Nunez, a nurse at a hospital in Yakima County and a Yakama Nation descendant, noticed that Native Americans, who make up about 7% of the county’s population, seemed to account for many of the hospital’s virus patients. Because the hospital does not routinely record race and ethnicity data, she said, it was hard for Nunez to know for certain.
“Not being counted is not new to us,” she said.
Without firm figures, she and other health care providers for Native communities said they struggled to know where or how to intervene to stop the spread.
“You don’t know how bad it is until it’s too late,” Nunez said.

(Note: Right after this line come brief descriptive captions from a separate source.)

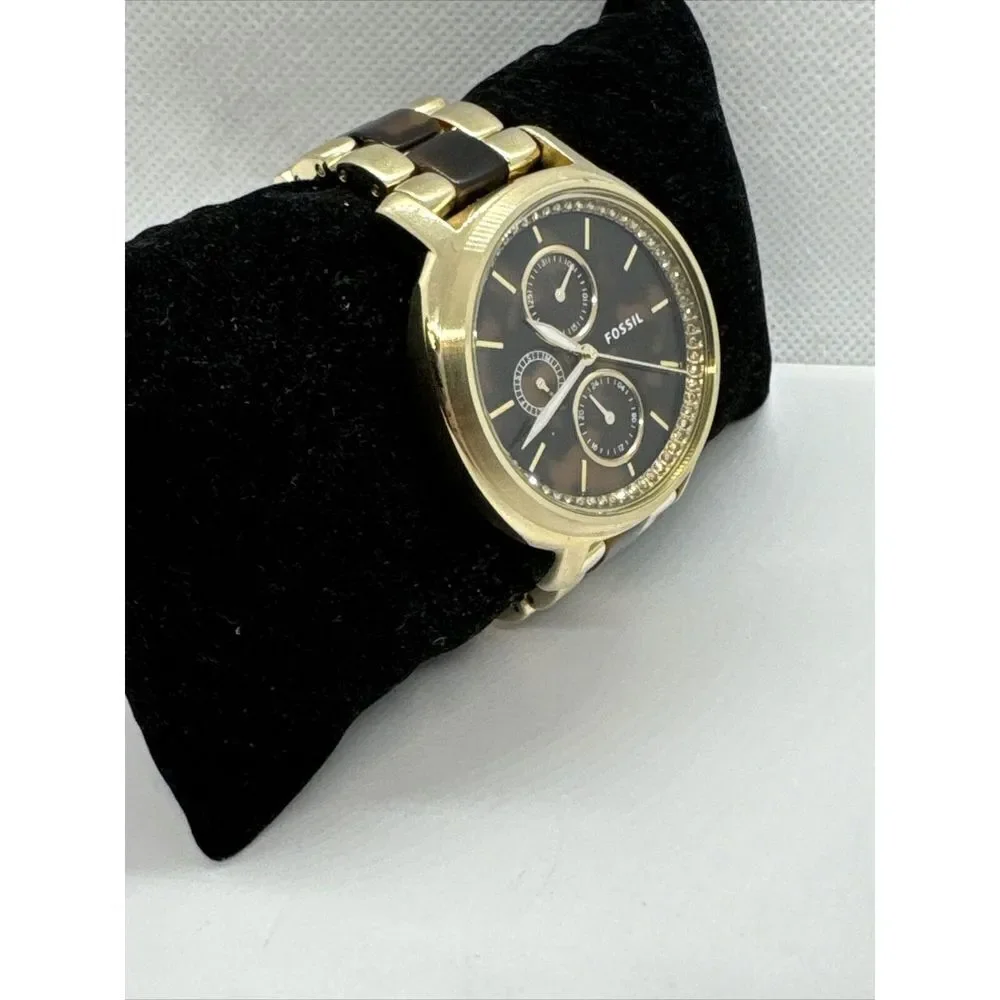 Fossil Chelsey ES3923 Women's Two-Tone Analog Dial Quartz Wrist Watch JNA350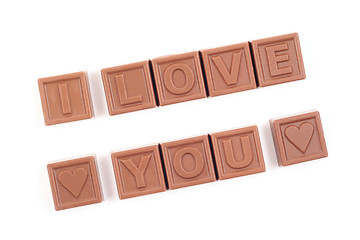 Image showing I love you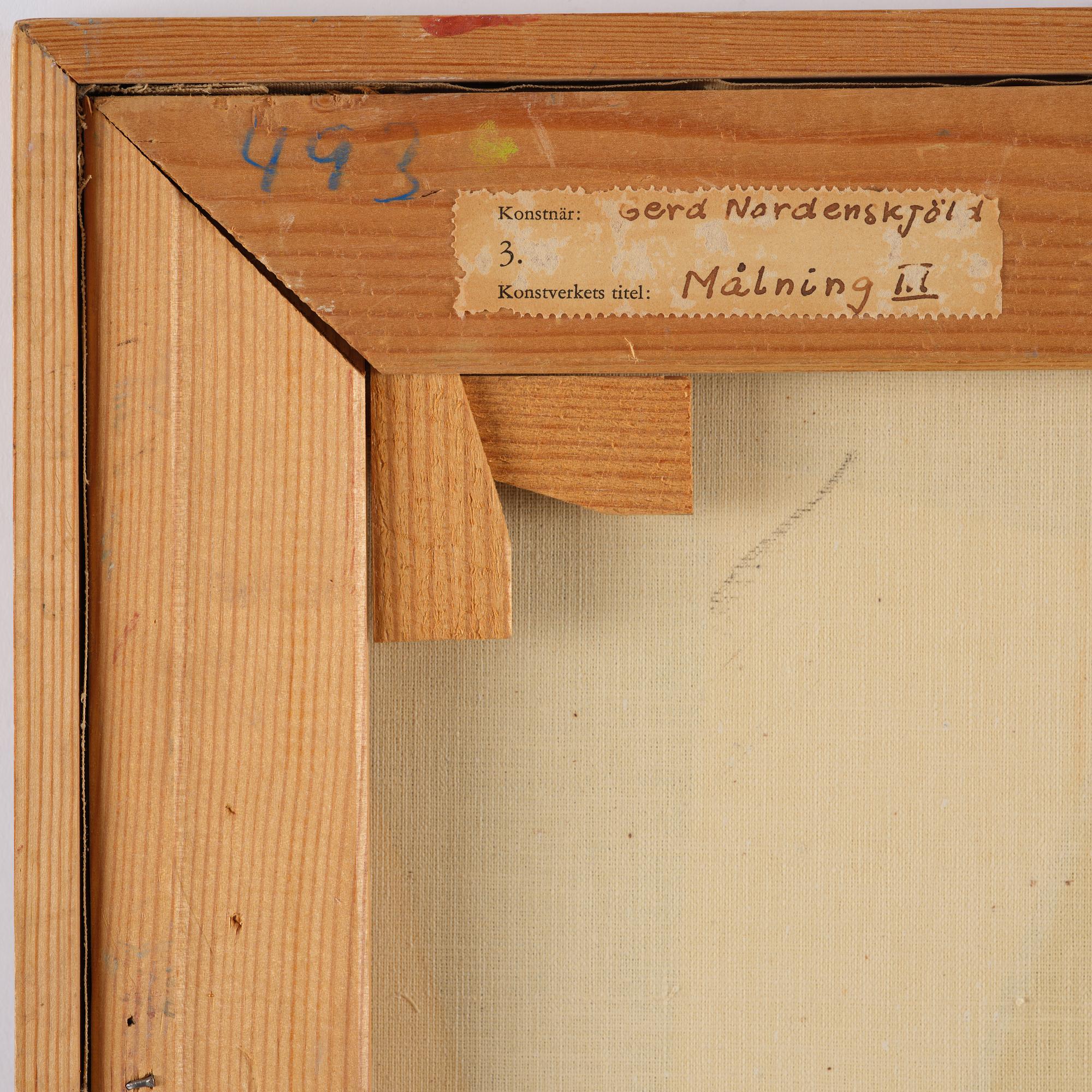 Gerd Nordenskjöld, "Målning III".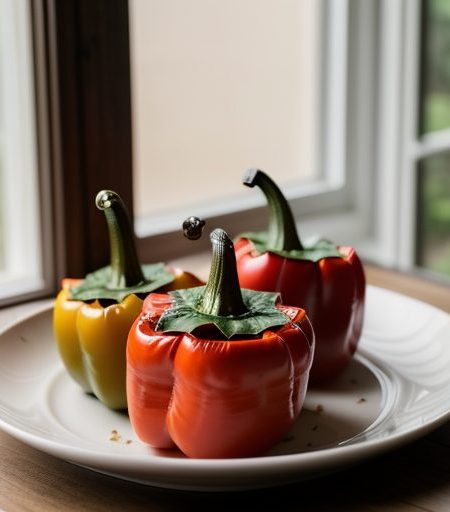 Chinese Chicken-Stuffed Peppers recipe image
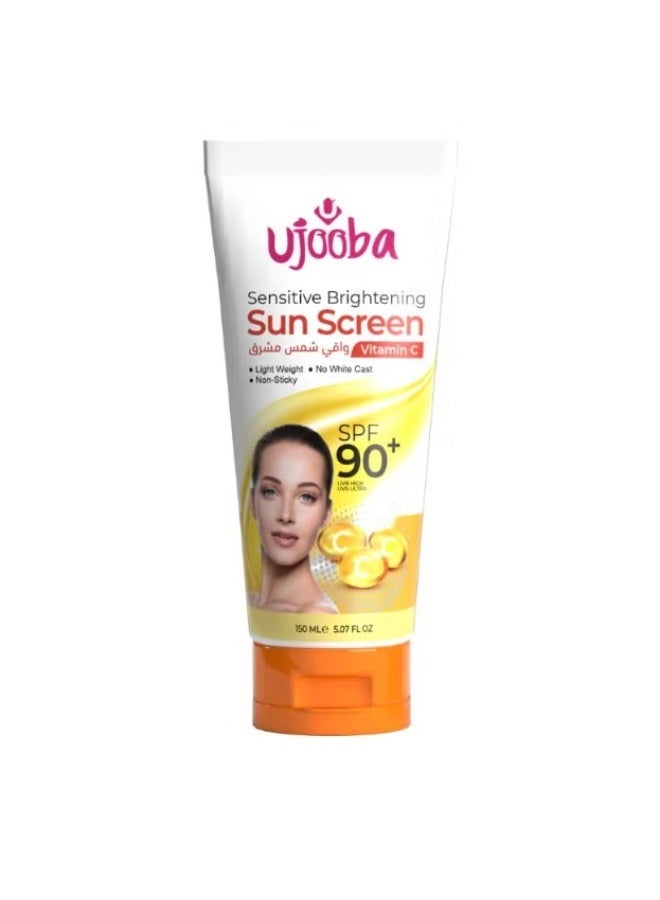 Ujooba 2-in-1 Brightening Skincare Combo - SPF90 Whitening Sunscreen + 4-in-1 Facial Whitening Cream | Vitamin C, Dark Spot Face Care Set for Glow Routine - Image 2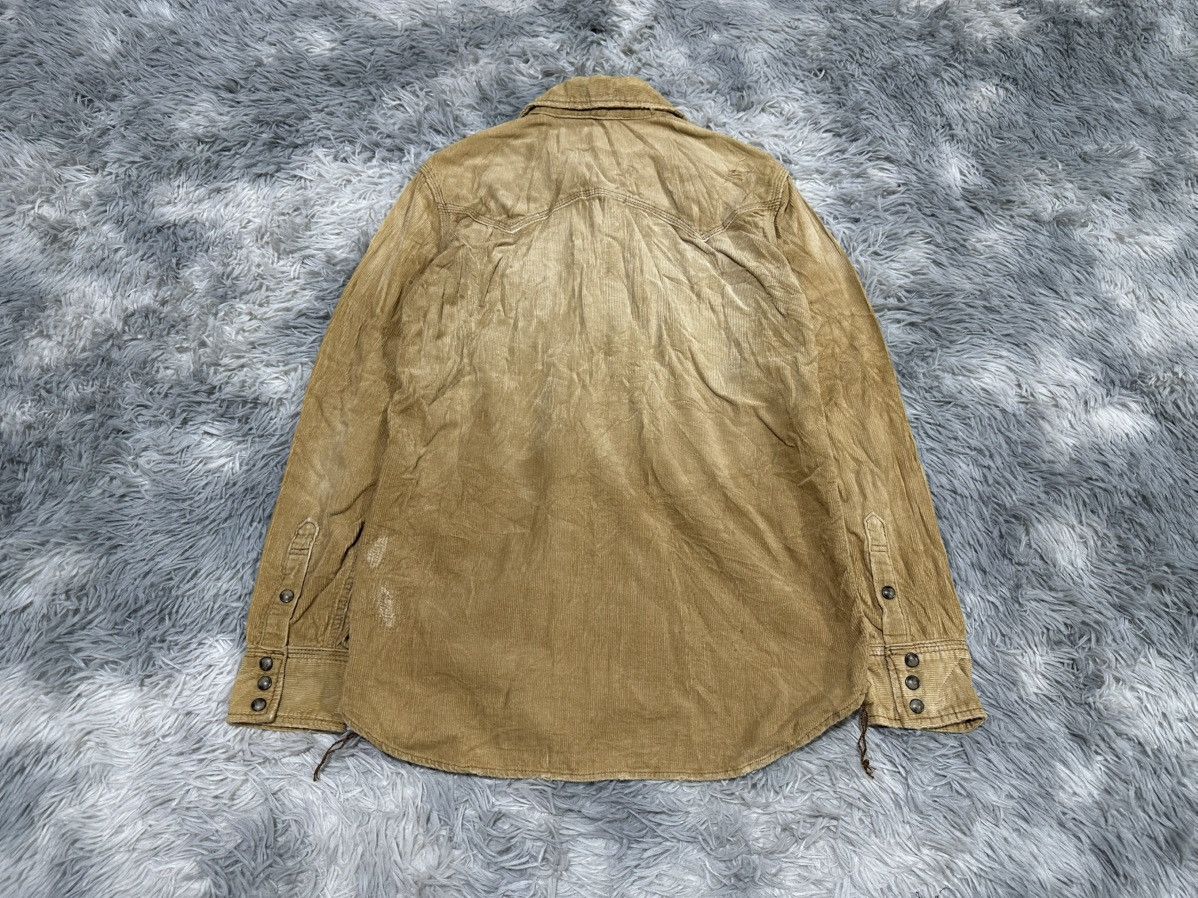 GOA 🔥Y2K Archived Goa Distressed Corduroy Western Shirt Size US M / EU 48-50 / 2 - 6 Thumbnail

By mid-July, more than 650 members of Yakama Nation, in central Washington state, had contracted the virus — about 6% of the total membership. Twenty-eight people have died, Delano Saluskin, chair of the Yakama Nation, said in a video update.
“We all grieve those losses,” he said. “This has been devastating for many families on the reservation, and it means that every week, a family member is impacted.”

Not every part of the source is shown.